TASK STATEMENT:
Go to the line below that contains "Now we find". From there to the end of the records, reproduce each line exactly, except the pictures.

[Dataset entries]
_ _ _ _ _ _ _

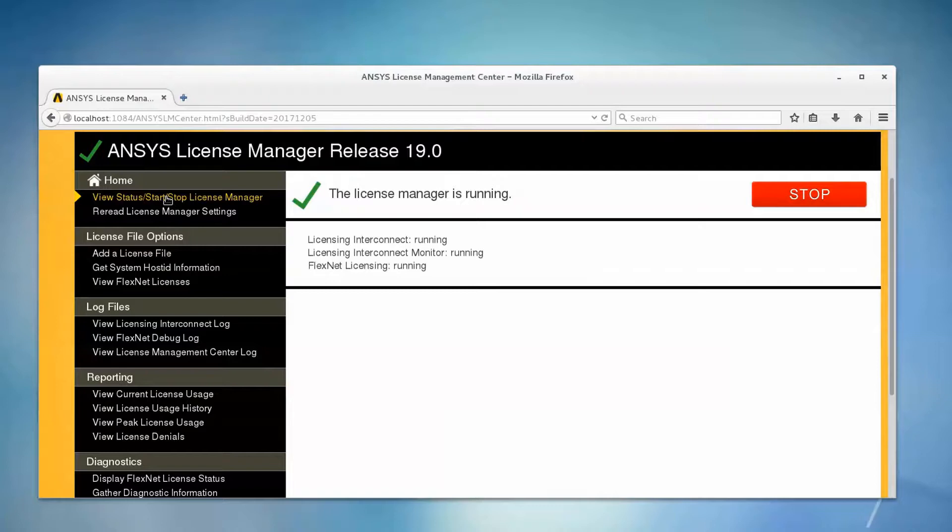This concludes this demonstration of installing the ANSYS License Manager, release 19.0 on the Linux platform.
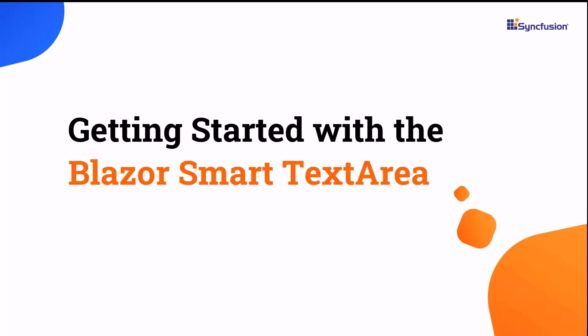Welcome to the Blazor Smart Text Area Component Tutorial. In this video, I will show you how to get started with the Syncfusion Blazor Smart Text Area Component.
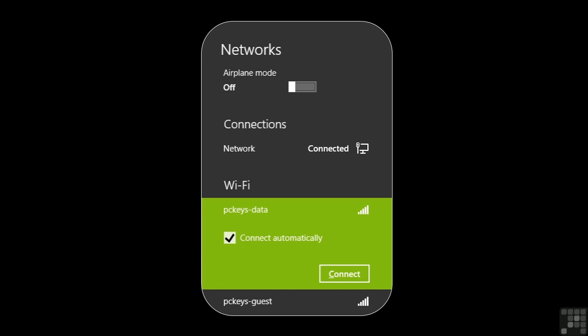We should choose connect automatically if we will be using this network more than once. For example, if it's in our home or work, and that's the wireless connection that we'll be connecting to on a daily basis.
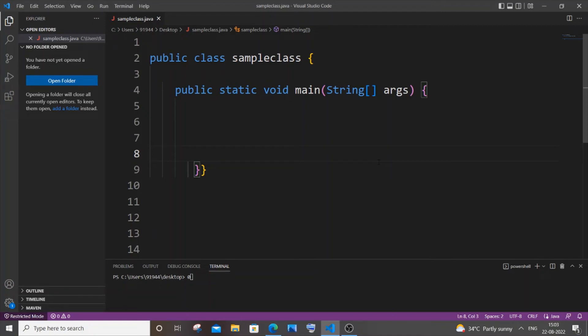Hi everyone, in this video I'll be showing you how to reverse a number in Java. So let's get started.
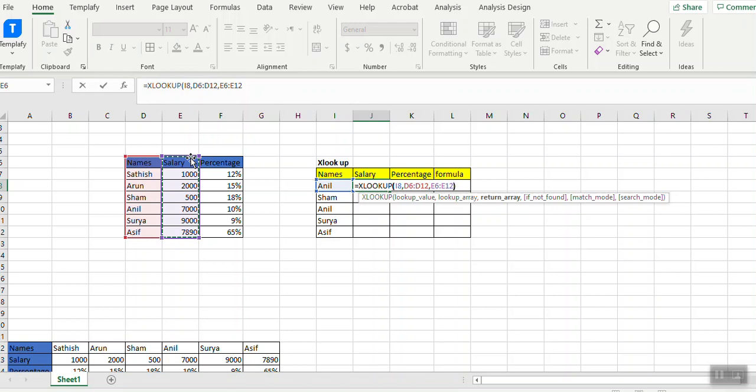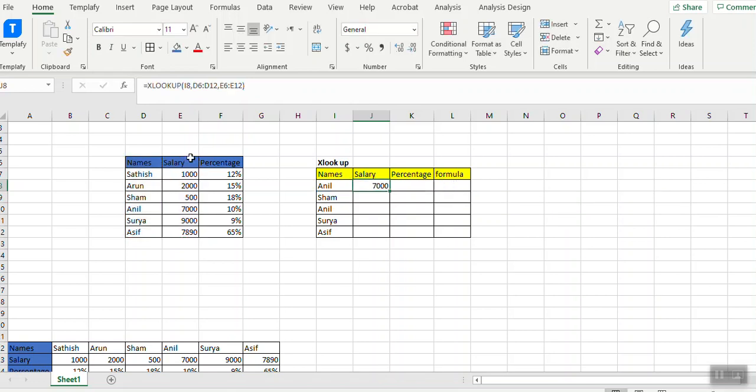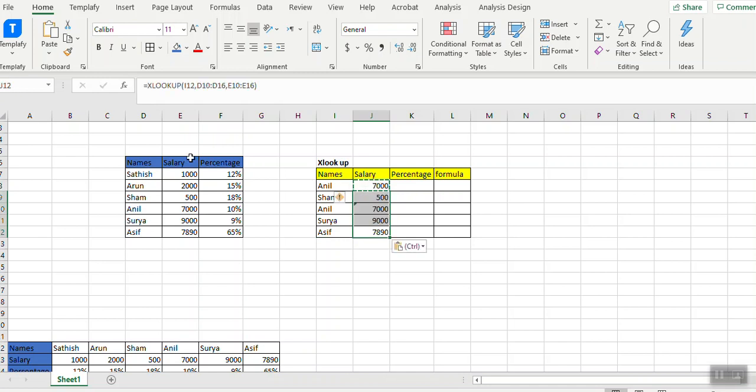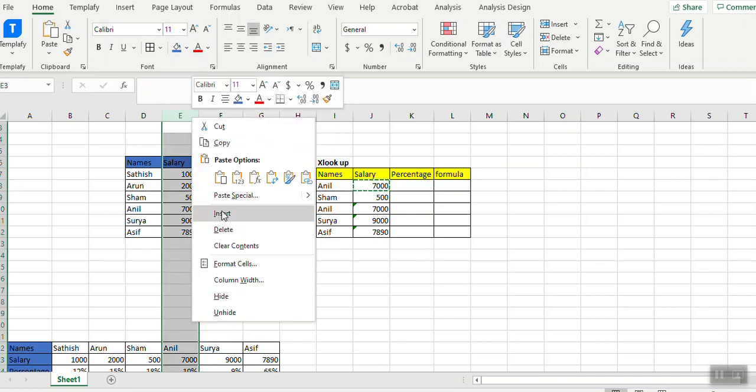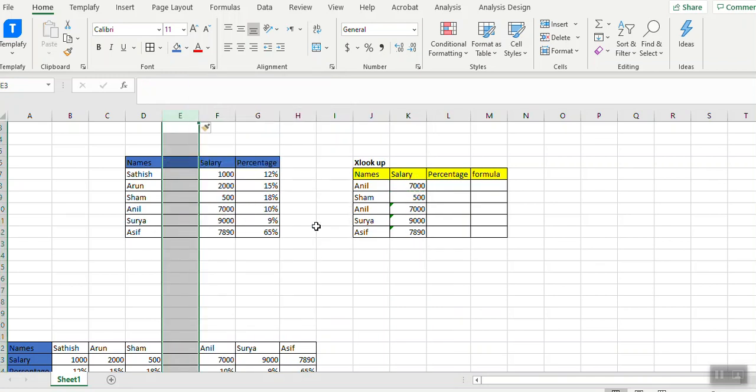If I copy paste here, everything is reflecting here, right? If I add a column here, the same amounts are still reflecting because we gave a range. But it doesn't work the same way in VLOOKUP.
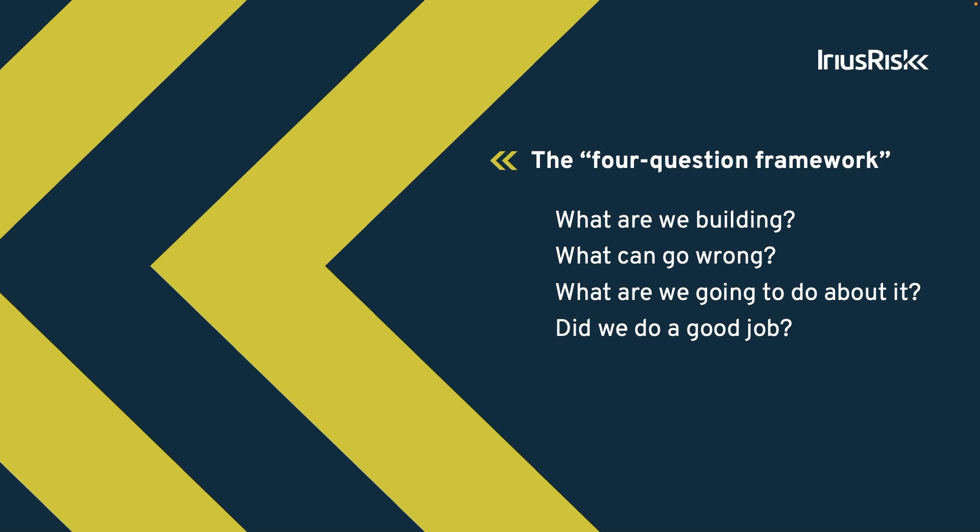By answering these questions, we can identify and fix security issues early on, making our products more secure.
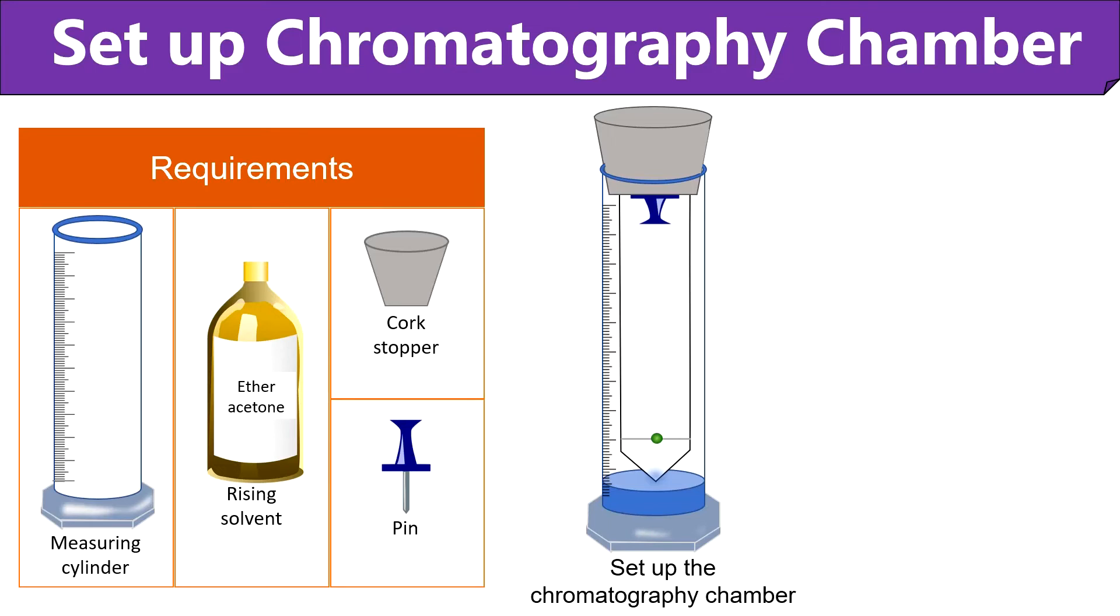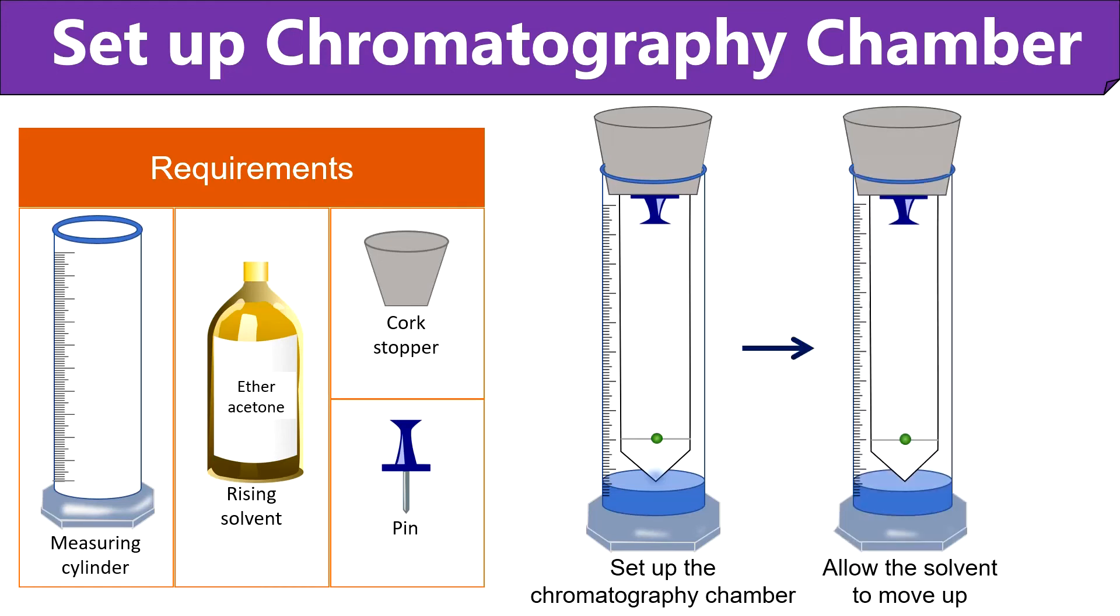Here you need to keep in mind that the filter paper should not touch the surface of the measuring cylinder. And the bottom edge of the filter must be only in touch with the rising solvent. After that, allow the solvent to run through the filter paper via capillary action.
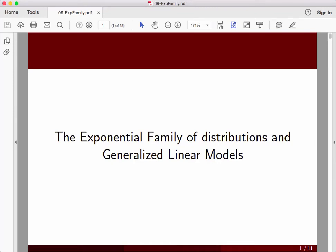Hello, welcome to another in our lectures on applied regression analysis. Today we're going to take a departure from some of the other talks we've had. We focused on using our software tools to do specific analyses. We're going to step back and build some of the theoretical foundation that we need to get into our next topic, which is generalized linear models.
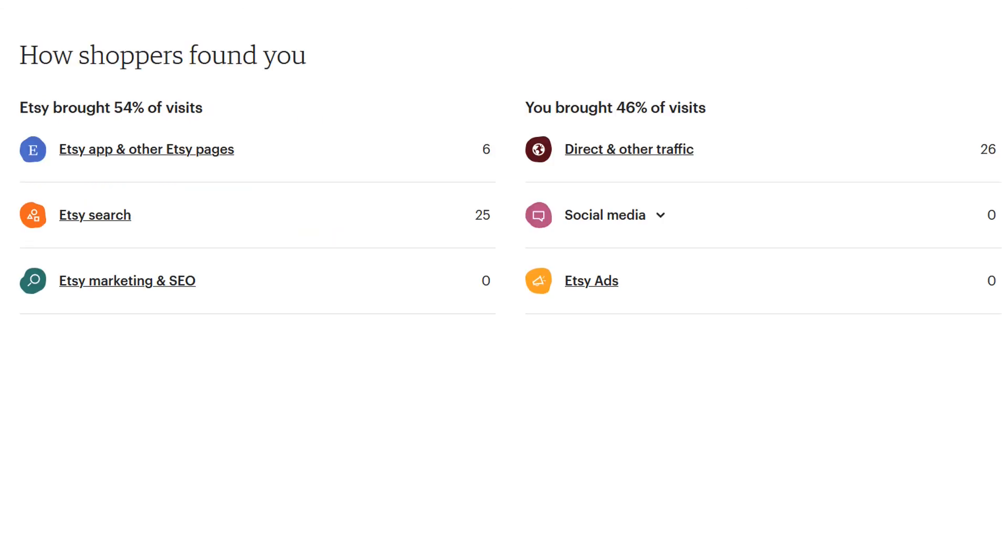And there's one more slide I want to show you, which is how shoppers found me. Apparently, about 50% come through the Etsy app and other Etsy pages and the Etsy search, which is quite good because it means if people find me through the Etsy search,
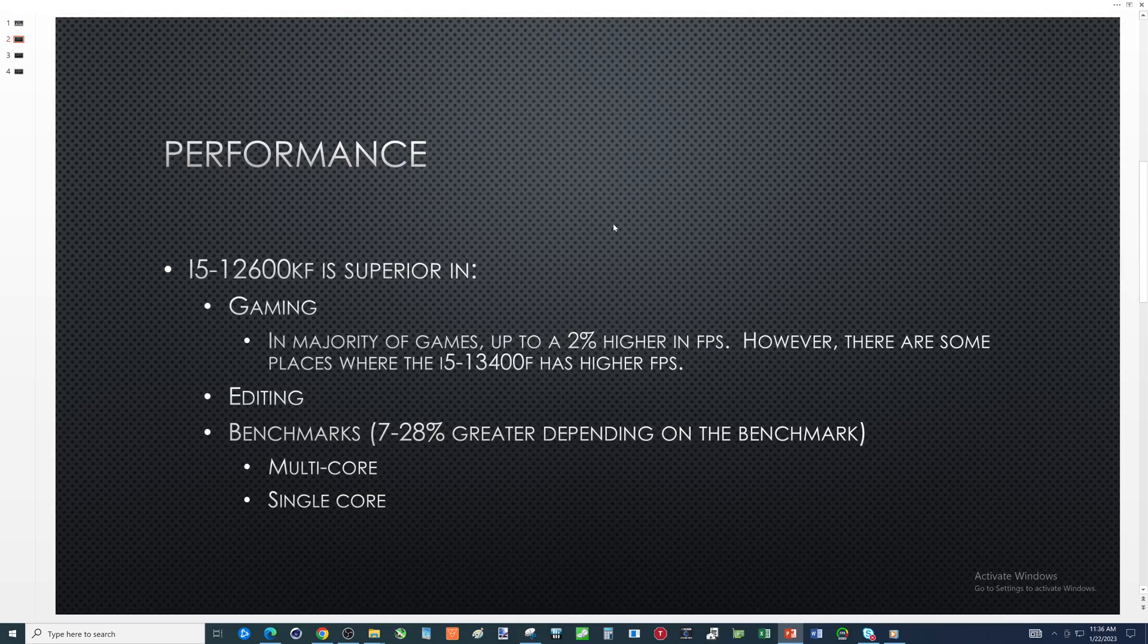Nothing massive. If you're already getting 400 FPS with the i5-13400F then the i5-12600KF you might get 408. So nothing super significant.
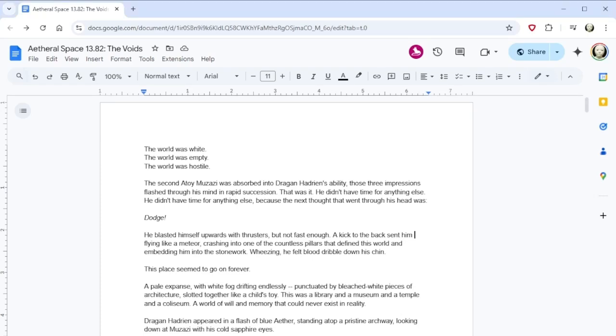Hello, welcome back to Apex Base 13.82, The Voids. We are back.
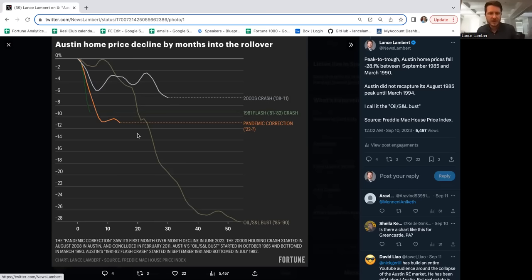This is why Lance is housing, housing, housing. He digs in where there's interesting questions, and I think Austin warrants that deeper dive. People can find me on Twitter at News Lambert or Google my author page, Lance Lambert, Fortune. Thank you so much.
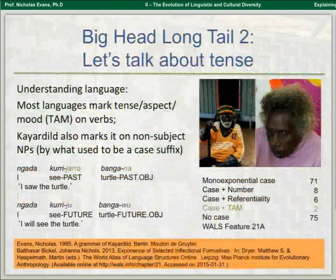Two speakers of Kayardild here, who I had the good fortune to be taught by — both unfortunately now deceased. In Kayardild, the verb does indeed mark tense: kurijara in past tense, kuriju in future tense. But if you look at the suffixes on the object noun — bangana for turtle in the past, bangawu in the future — tense is actually marked in two places, not just one. Ngara kurijara bangana: I saw the turtle. Ngara kuriju bangawu: I will see the turtle.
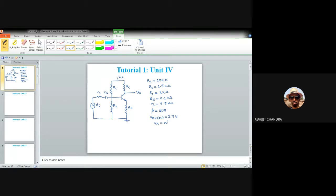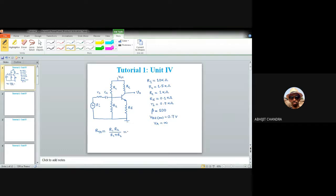Now we find the DC parameters. The Thevenin resistance is R_th = R1||R2 = (10 × 1.5)/(10 + 1.5) = 15/11.5 ≈ 1.3 kΩ. VCC is 12 V, so the Thevenin voltage is V_th = VCC × R2/(R1 + R2) = 12 × 1.5/11.5 = 18/11.5 ≈ 1.57 V. So V_th = 1.57 V and R_th = 1.3 kΩ.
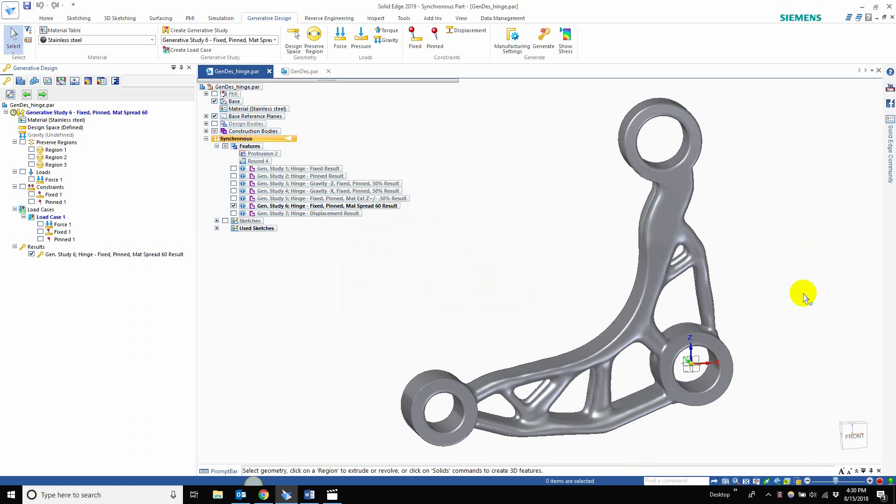Like I said, this part is 50% mass reduction and it was a 10-minute study with 24 seconds. So I highly recommend taking a box and applying some loads and forces to it, some constraints, and just playing around with what generative design has to offer.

_ _ _ _ _ _ _

YOUR SOLUTION:
Now we find the DC parameters. The Thevenin resistance is R_th = R1||R2 = (10 × 1.5)/(10 + 1.5) = 15/11.5 ≈ 1.3 kΩ. VCC is 12 V, so the Thevenin voltage is V_th = VCC × R2/(R1 + R2) = 12 × 1.5/11.5 = 18/11.5 ≈ 1.57 V. So V_th = 1.57 V and R_th = 1.3 kΩ.
Like I said, this part is 50% mass reduction and it was a 10-minute study with 24 seconds. So I highly recommend taking a box and applying some loads and forces to it, some constraints, and just playing around with what generative design has to offer.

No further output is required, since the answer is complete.